COMPASS software version 2.03 was used for measurements using detector. As shown in Fig. 2, the MatriXX detector was mounted on the gantry using a specially designed holder for Elekta linac. This holder allows lateral and longitudinal adjustments by means of micrometer screws. The major rotational correction was done by aligning the central axis cross hairs with the detector before fixing the buildup. Either 5 cm or 2 cm buildup on top of the detector can be used, and in this study we have applied 2 cm of buildup. Source‐to‐detector distance in the gantry mount is 100 cm. A gravity‐based angle sensor fixed at the gantry was used and connected through the RS232 interface. This inclinometer prompts the respective gantry angles to COMPASS software for each frame acquired during measurements. The gantry angle sensor must be calibrated at 0° and 90° gantry position before measurement takes place. MatriXX was connected to the computer running the COMPASS verification software through Ethernet connection. The RT Plan was loaded for each patient and the modeled linac was selected before measurement. The detector must be commissioned for each change in the measurement setup to account for the setup uncertainties and output errors. A preirradiation of 1000 MU was given as warm‐up. Small, medium, and large square field sizes were exposed to check the detector offset and rotational errors within user‐defined tolerances. Absolute dose calibration was done by entering the known dose for reference field size at reference depth and measuring the number of ADC counts for 100 MU. This commissioned detector setup is used for every patient's measurements.

Figure 2

MatriXX with gantry mount.

All the 25 TPS‐generated treatment plans were scheduled in record and verification system MOSAIQ version 2.01 and taken in quality assurance delivery mode. Measured fluence was saved and the reconstructed dose was calculated off‐line.

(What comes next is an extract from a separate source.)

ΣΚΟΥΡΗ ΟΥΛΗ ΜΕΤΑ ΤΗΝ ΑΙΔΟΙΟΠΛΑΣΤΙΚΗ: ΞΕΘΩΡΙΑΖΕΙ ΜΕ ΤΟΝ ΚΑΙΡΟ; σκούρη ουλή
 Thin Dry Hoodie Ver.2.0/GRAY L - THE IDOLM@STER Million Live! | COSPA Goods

G. 2D fluence verification with MatriXX in MultiCube

The MatriXX detector was mounted in the MultiCube phantom, which was positioned on the patient couch and connected with OmniPro IMRT verification software (Iba Dosimetry GmbH). Couch and gantry angle were reset to zero as routine QA for IMRT. Absolute dose calibration was performed for known dose for field size. Source‐to‐detector distance (sensitive plane of the detector) was kept at 100 cm and source‐to‐surface distance (MultiCube phantom) as 89 cm. Each measurement was saved in .opab format and analyzed off‐line. A QA plan was generated for every patient in Monaco planning system by calculating the dose to the scanned MultiCube phantom with MatriXX detector. The isocentric coronal dose planes were exported to OmniPro IMRT system through the network. To verify the absolute dose at central axis, the isocentric dose was noted for each plan and compared with measured absolute dose from MatriXX measurements. The coronal dose plane was normalized to 100% during import into OmniPro IMRT software. The dataset 1 in the verification software represents the measured dose plane and dataset 2 comes from the TPS dose plane. The TPS dose plane was resampled to MatriXX native grid resolution of 7.62 mm in order to get the correct reference data to be compared with the MatriXX measurements. Subsequently the resolution was interpolated to 1 mm for both measured and TPS dose planes in order to facilitate data analysis. The dose distributions were normalized to 100% at either to the maximum or an appropriate cursor position before comparing the planar dose distribution (without touching the absolute calibration). The number of passing pixels was analyzed for each patient using 2D gamma evaluation criteria of 3 mm and 3% as DTA and dose difference. , , , ,

H. Absolute point dose verification

Using the Standard Imaging Slimline A16 microchamber of 0.007 cc collecting volume and SuperMAX 1000 plus electrometer, the absolute dose was measured in a stereotactic dose verification phantom, as shown in Fig. 3. The QA plans were generated for the scanned stereotactic dose verification phantom with the pinpoint chamber inserted. Source‐to‐detector distance was kept at 100 cm and source‐to‐surface distance as 95 cm. The overall delivery accuracy was verified by comparing the measured absolute point dose with TPS calculated and MatriXX measured point doses. The difference was calculated by keeping the measured dose from pinpoint chamber as reference value.

Figure 3

Stereotactic dose verification phantom (SDVP).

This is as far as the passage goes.